Writers write. And writing is the absolute best way to become a better writer. Period.
But writers are obsessive. Sometimes we get so involved in a project we forget about the other aspects of writing, the ones that don't involve pen and paper.
Here's a quick refresher.
1. Be Observant
Be that person who notices everything. Eavesdrop on conversations. People-watch. Pay attention as you navigate daily life. Finding something to write about should never be a problem. There are ideas everywhere, if you're looking for them.
It's the details that make writing—the small pieces of imagery, the perfect comparisons. Those things don't come from thin air. You notice them. You notice the way snapping twigs feel under your boot, and later, when you're writing, you'll be able to pull that out and compare it to snapping bones. Or whatever you do—the way skin feels to the touch, the smell of meat on the grill. You have to notice the small things. If not, you will have no details, no imagery to draw on, and the world of your writing will be flat.
I know that reading technically has something to do with writing, but it's just too important for me to leave out. You cannot become a better writer without reading. It's impossible. It's like trying to paint without brushes. You have the paint. You might get something on the canvas, but it won't look like art.
Read everything you can find. Good books, bad books, textbooks, instruction manuals. Everything. Bonus points if you read with a pen in hand, taking notes in the margins. Notice what works and what doesn't. What makes you feel something, and what falls flat? What would you change?
Every writer begins by emulating the styles of others (hopefully others who know what they're doing). If you never read, you have no base, nothing to grow from.
I am a firm believer that running can teach you invaluable lessons about writing.
Go for a long run—whatever's long for you, a mile, ten miles. It's just like writing a long piece. You start out strong, excited, with long deer-like steps. Then you start to slow down and settle into your pace. About halfway through, you might get bored. Your mind wanders, and you have to pull yourself back to the present.
That is free mental training, my friend. It toughens you up, gives you a simple ultimatum: quit or finish.
What you choose to do during your run is likely what you will choose during your writing project. Will you quit when "writer's block" sets in, when putting down words feels like slugging through mud? Or will you fight through it and get your story on paper?
Near the end of your run, it will hurt. Your legs will be on fire, and there will be needles in your side. Then, it will happen—the magical second wind. The more times you run, the more confident you will be that this second burst of energy will appear in your body, and the more you write, the surer you will be that even when inspiration starts to wane, it will reappear, stronger than ever.
Remember when your teachers called you out during class—when you were staring into space instead of listening to the lecture on cell structure? You were actually practicing to become a writer.
When it comes down to it, writers are storytellers, using words to transmit to others the thoughts and visions floating around their imaginations. So daydream, fantasize, and stretch those imaginative muscles so that when you sit down to write, they're already warmed up and ready to go.
Wonder about things. A story starts with a, What if...? What if a bunch of boys were stranded on an island? What if an entire town was trapped under an invisible dome?
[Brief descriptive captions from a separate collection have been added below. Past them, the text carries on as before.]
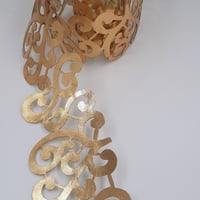 كلف جلد ذهبي لاصق طول متر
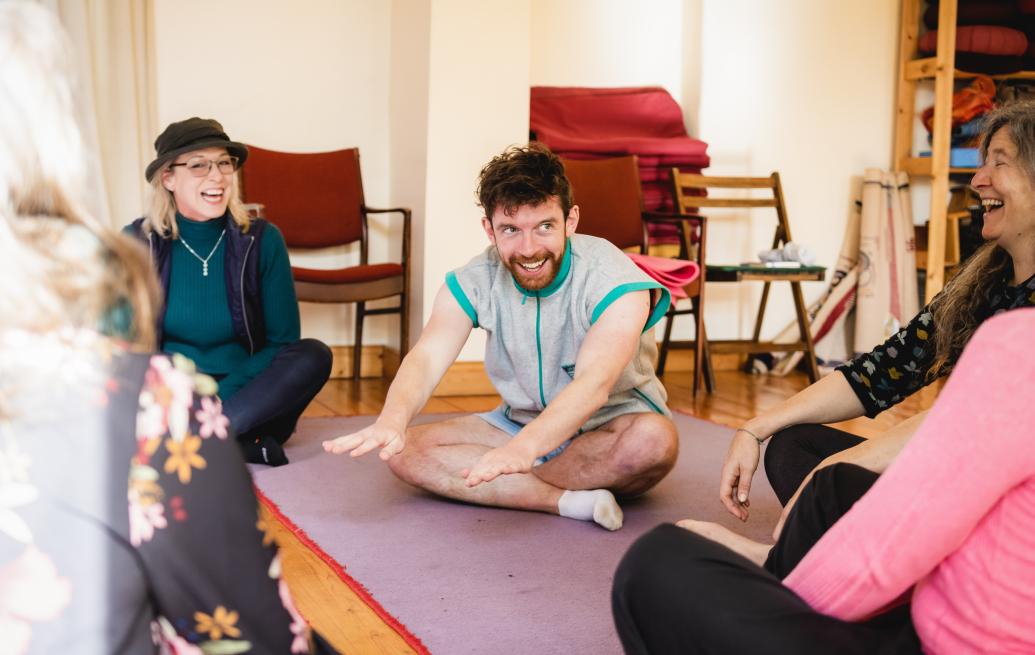 A group of people sitting in a circle on a purple mat, laughing and smiling. In the center, a person sits cross-legged, leaning forward with their hands outstretched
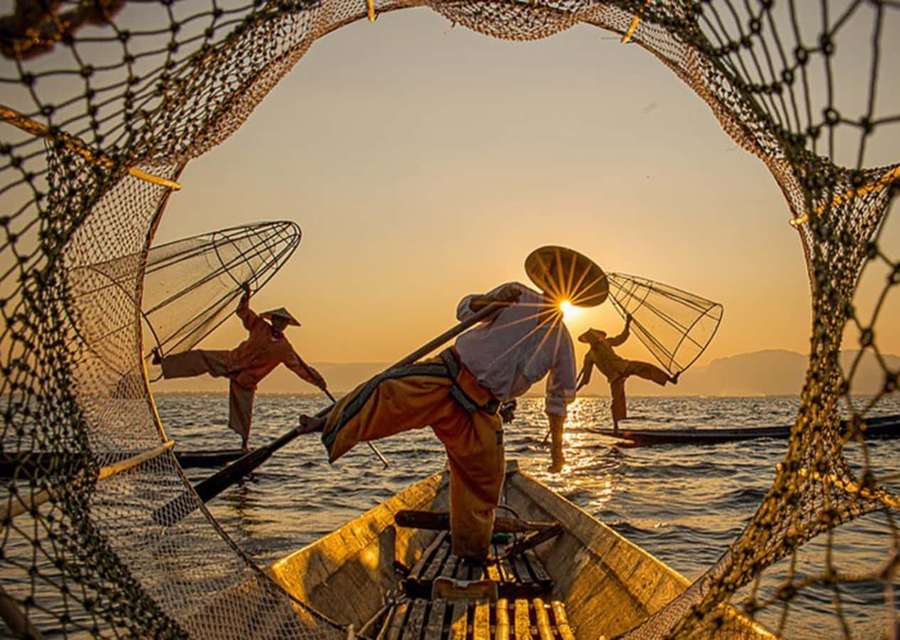 Silhouetted fishermen casting nets from wooden boats at golden sunset. — Interesting Picture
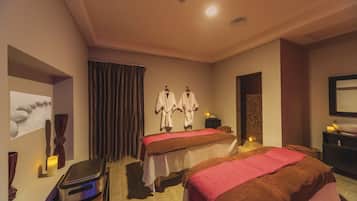 Relax in this serene spa room with two massage tables, a modern sink, and a calming atmosphere.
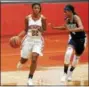  ?? BOB RAINES — DIGITAL FIRST MEDIA ?? Germantown Academy’s Jaye Haynes brings the ball down court against Peddie School’s Kylie Farous Tuesday.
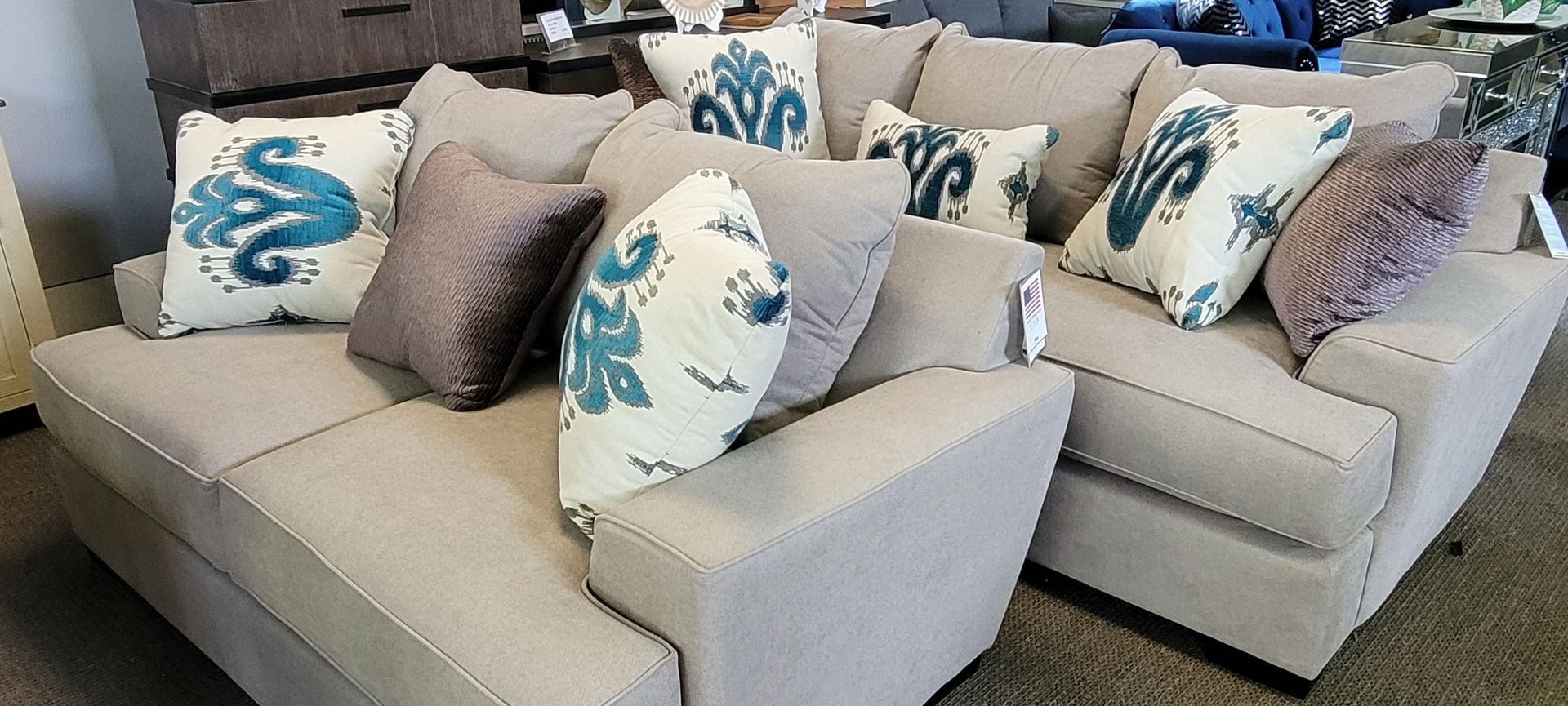 Beige sectional sofa with patterned throw pillows in a showroom.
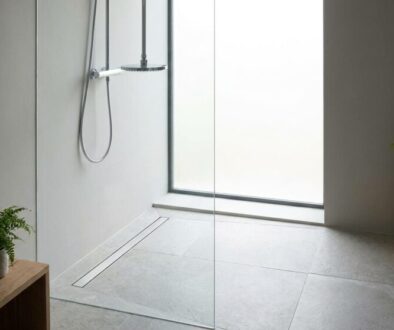 Minimalist bathroom with a glass shower enclosure, large window, gray tile floor, and two wooden benches with potted ferns.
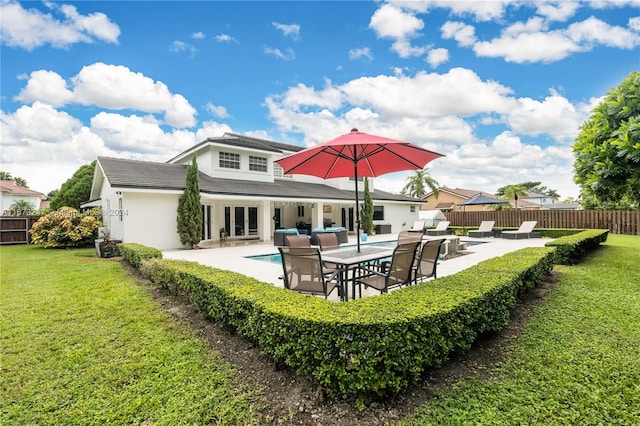 back of property featuring a patio, a yard, and an outdoor hangout area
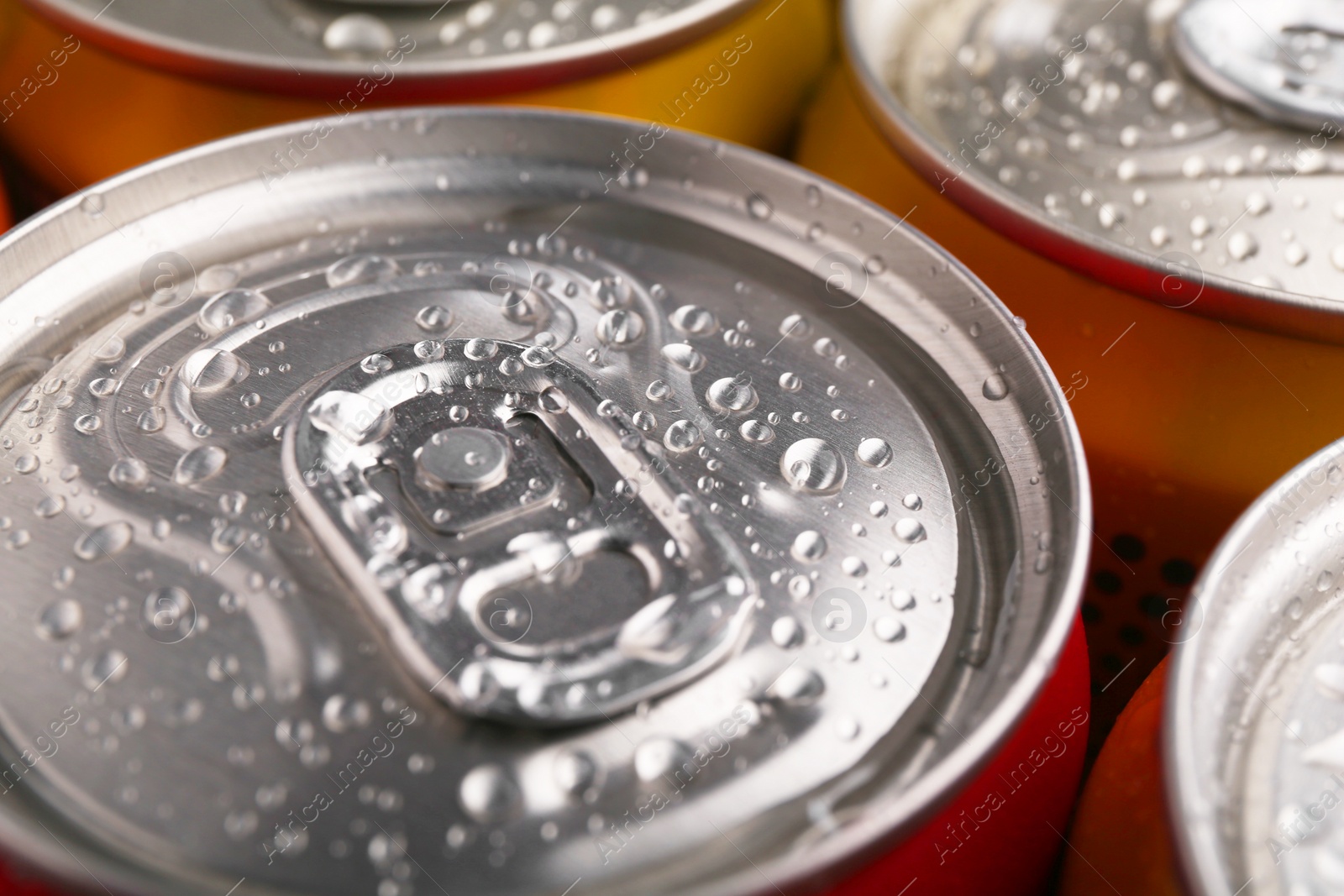 Photo of Energy drinks in wet cans, closeup. Functional beverage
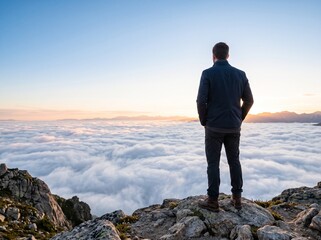Fototapeta premium Man in a navy blazer stands on a rocky mountain peak overlooking clouds during sunset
A writer's job is to flesh out these questions, but first you have to ask them. Watch people you pass on the street. Wonder where they're going, where they've been. Wonder what kind of family they have, what kind of problems—and what would happen if they encountered someone or something else.
Then write it down.
5. Talk to People
Writers write about people. Yes, there are dogs and planes and ghosts in stories, but they're not what people care about. People care about people.
How they sound, what they do, how they feel. So when you talk to people, listen. It's easy to fall into the tendency of nodding along and waiting for your turn to speak. But really making an effort to listen to what people are saying—whether it's your mom or the cashier at the grocery store—will give you insights to draw on in your writing. Pay attention to body language. Remember what people do when they're angry or when they're lying (reminds me of a great article on writing liars). Being around people and noticing what they do will give you a better idea of how to write them.
Which brings me to...
6. Don't Shut Yourself Away
Writing is a solitary activity, I know. Many of us are introverts, and being around other people is exhausting. You don't have to go to the raging party. You don't even have to interact with others—sometimes just people-watching at the mall or the park is enough.
It's important to remember that without life, there is nothing to write about. Go outside every now and then. Talk to the real people. Get inspired. There is no muse who will magically grant you ideas; you have to go find them.
Writing is the best way to become a better writer, but the best writers are writing all the time. They're writing in their minds, where no one can see. They're tasting words every second because every second is an opportunity for a new idea, a new character, a new story.
Don't waste it.
What do you do (besides writing) to hone your skills?